> [Stored items]

BEGIN

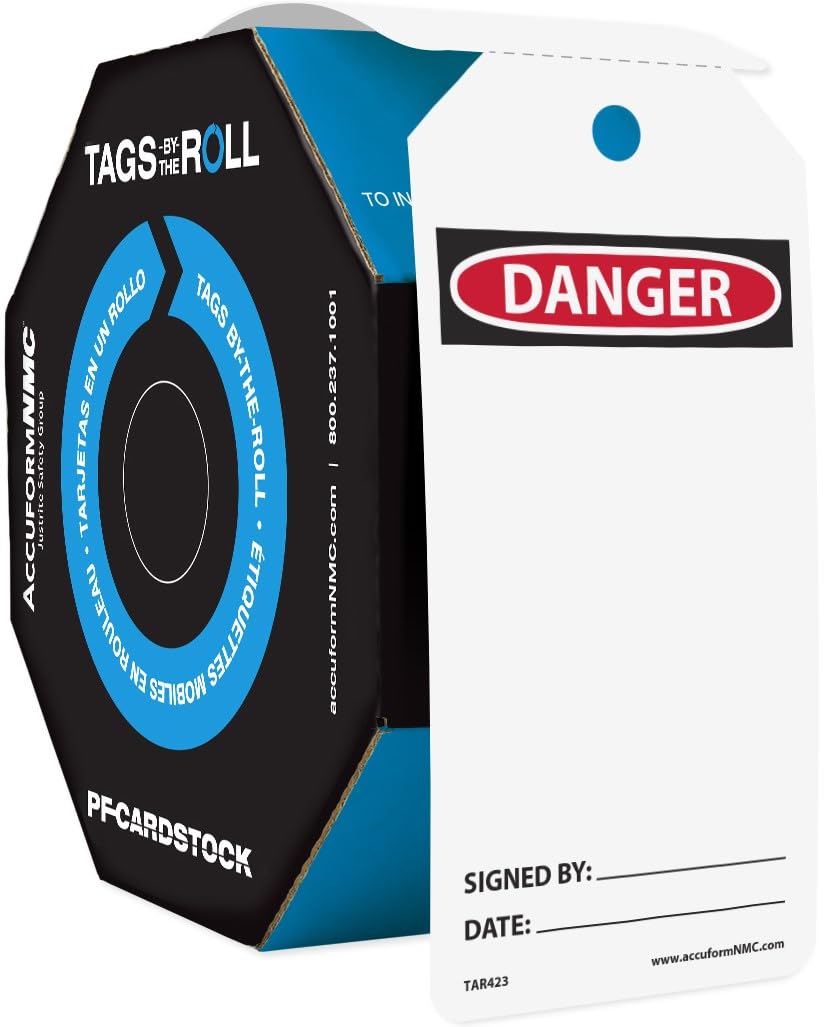 Accuform TAR423 Safety Tags Roll - 250 DANGER Blank Tags, 6.25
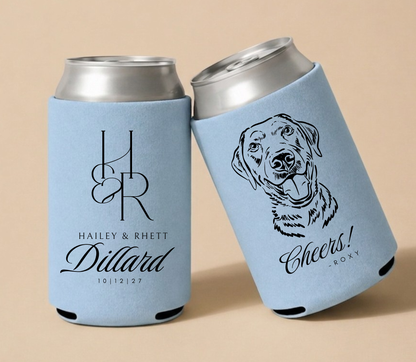 Custom dog wedding can cooler with pet portrait
Personalized dog illustration wedding favor
Custom pet can cooler wedding design
Dog lover wedding drink holder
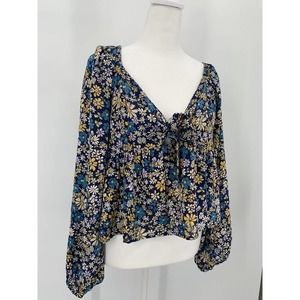 Patrons of Peace Floral Blouse - Blue and Yellow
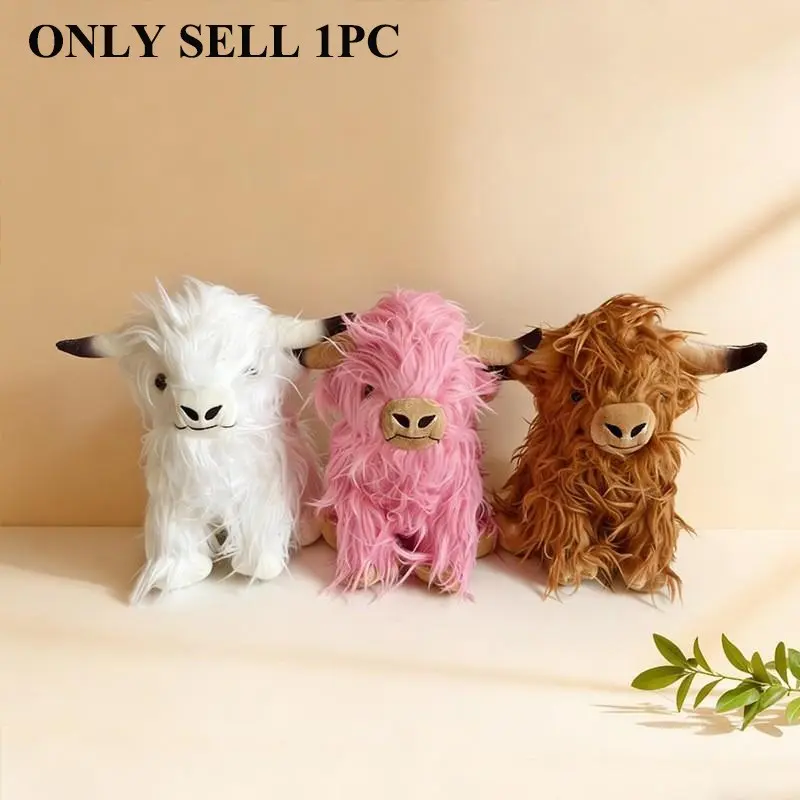 28cm Scottish Highland Cow Plush Toy, Soft Long Hair Animal Doll, Realistic Farm Cow Stuffed Animal, Cute Gift for Kids and Adults, Multiple Colors Available, Soft Huggable, Stuffed Farm Animals, Stuffed Animal Gifts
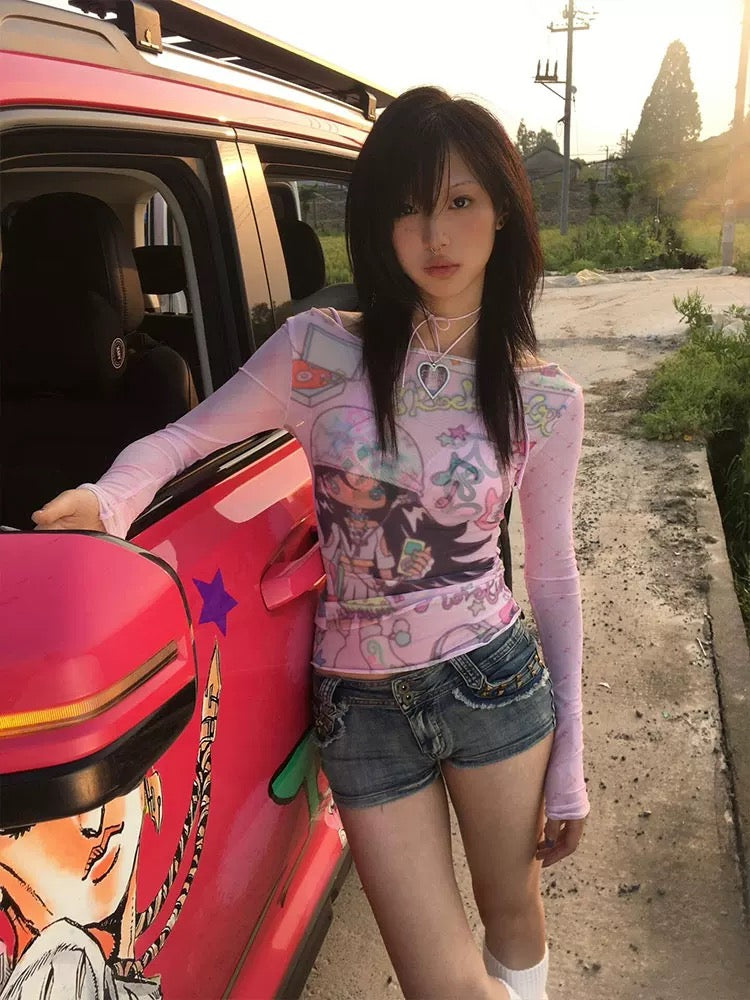 Slim fit Japanese anime sheer mesh tee for Y2K looks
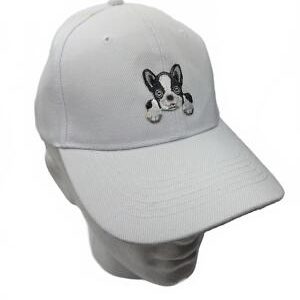 Puppy Paw Cap with Embroidery White French Bulldog Dog Strapback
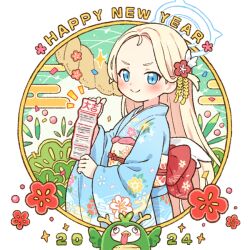 Rule 34 | 1girl, 2024, blonde hair, blue archive, blue eyes, blue halo, blue kimono, blush, chinese zodiac, closed mouth, commentary request, floral print, halo, happy new year, japanese clothes, kimono, long hair, long sleeves, looking at viewer, new year, obi, omikuji, onyhakase, peroro (blue archive), print kimono, sash, smile, solo, sora (blue archive), very long hair, year of the dragon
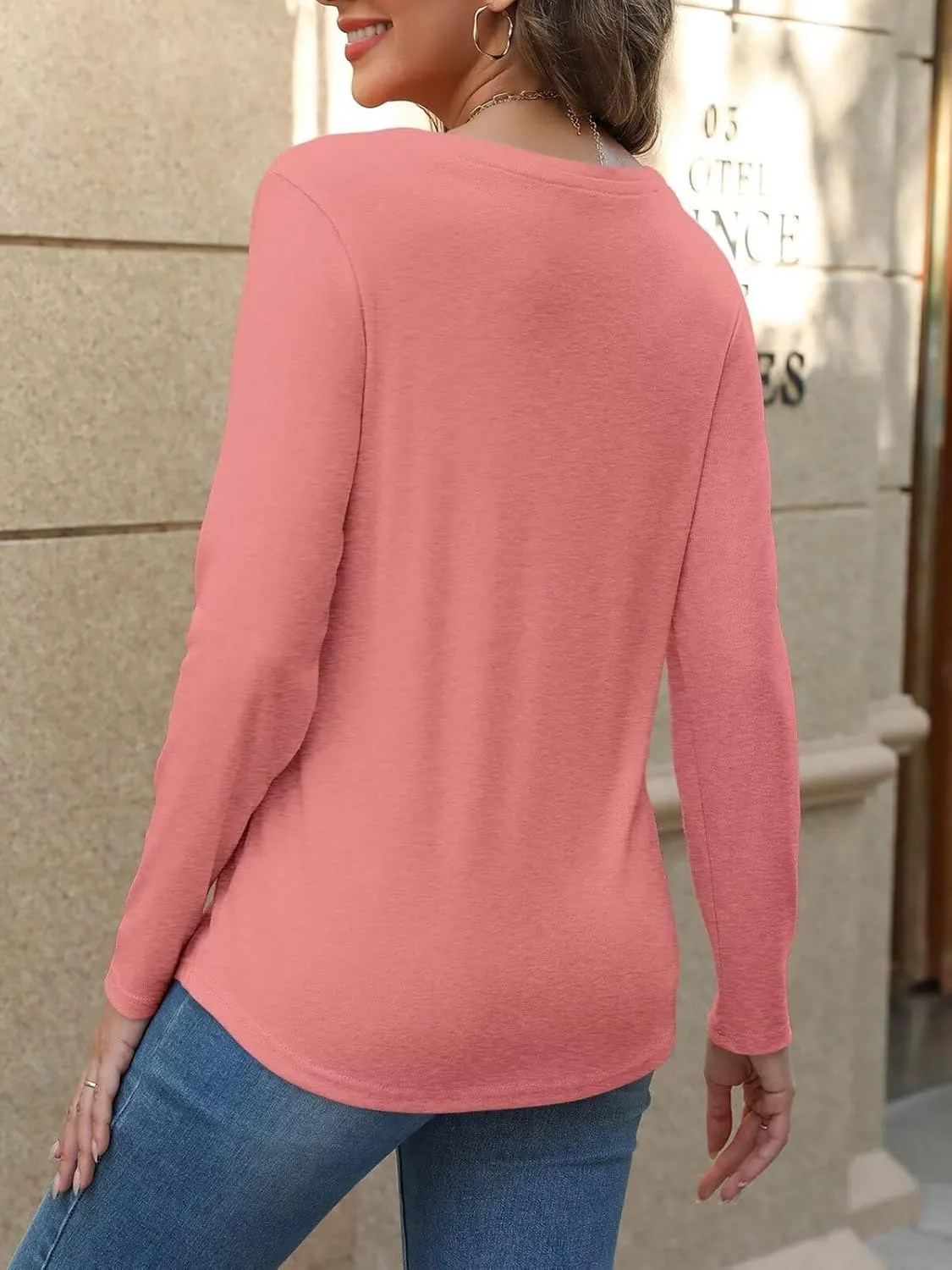 ORANDESIGNE Women's Long Sleeve Square Neck Tops Casual Fall Tunics Ladies Shirts Tees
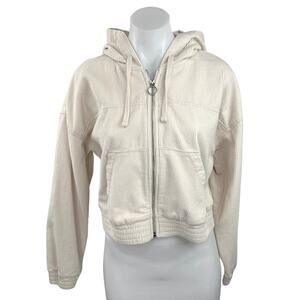 Hollister Cream Corduroy  Zip Up Drawstring Hoodie Active Sweatshirt Jacket Sz M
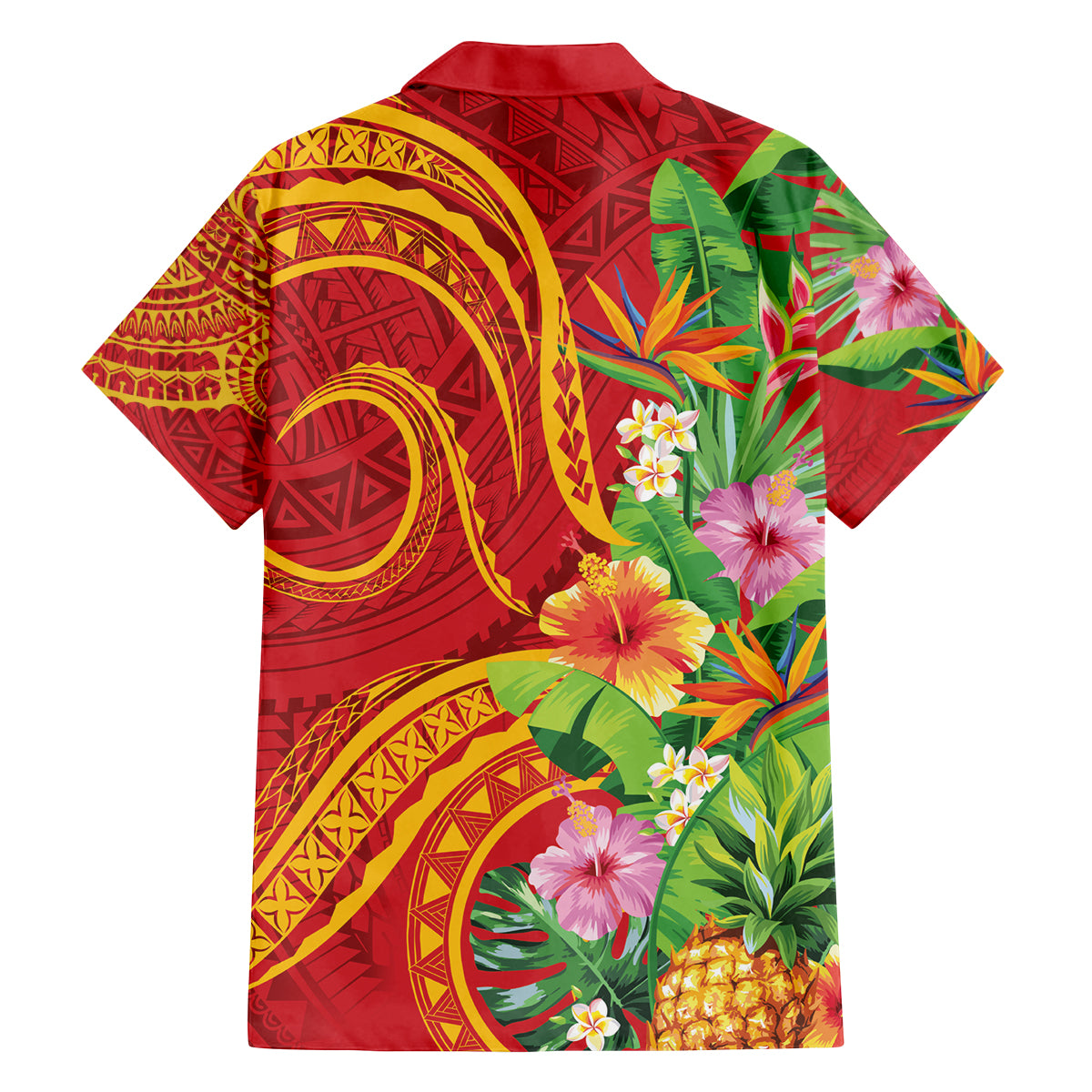 Polynesian Tribal Flower Tattoo Family Matching Off Shoulder Maxi Dress and Hawaiian Shirt Special Vermilion Vibe LT9 - Polynesian Pride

END

> [PROBLEM TO SOLVE] Output nothing but the records, word for word, and none of their pictures.

> [SOLUTION TO THE EXERCISE]
 Accuform TAR423 Safety Tags Roll - 250 DANGER Blank Tags, 6.25
 Custom dog wedding can cooler with pet portrait
Personalized dog illustration wedding favor
Custom pet can cooler wedding design
Dog lover wedding drink holder
 Patrons of Peace Floral Blouse - Blue and Yellow
 28cm Scottish Highland Cow Plush Toy, Soft Long Hair Animal Doll, Realistic Farm Cow Stuffed Animal, Cute Gift for Kids and Adults, Multiple Colors Available, Soft Huggable, Stuffed Farm Animals, Stuffed Animal Gifts
 Slim fit Japanese anime sheer mesh tee for Y2K looks
 Puppy Paw Cap with Embroidery White French Bulldog Dog Strapback
 Rule 34 | 1girl, 2024, blonde hair, blue archive, blue eyes, blue halo, blue kimono, blush, chinese zodiac, closed mouth, commentary request, floral print, halo, happy new year, japanese clothes, kimono, long hair, long sleeves, looking at viewer, new year, obi, omikuji, onyhakase, peroro (blue archive), print kimono, sash, smile, solo, sora (blue archive), very long hair, year of the dragon
 ORANDESIGNE Women's Long Sleeve Square Neck Tops Casual Fall Tunics Ladies Shirts Tees
 Hollister Cream Corduroy  Zip Up Drawstring Hoodie Active Sweatshirt Jacket Sz M
 Polynesian Tribal Flower Tattoo Family Matching Off Shoulder Maxi Dress and Hawaiian Shirt Special Vermilion Vibe LT9 - Polynesian Pride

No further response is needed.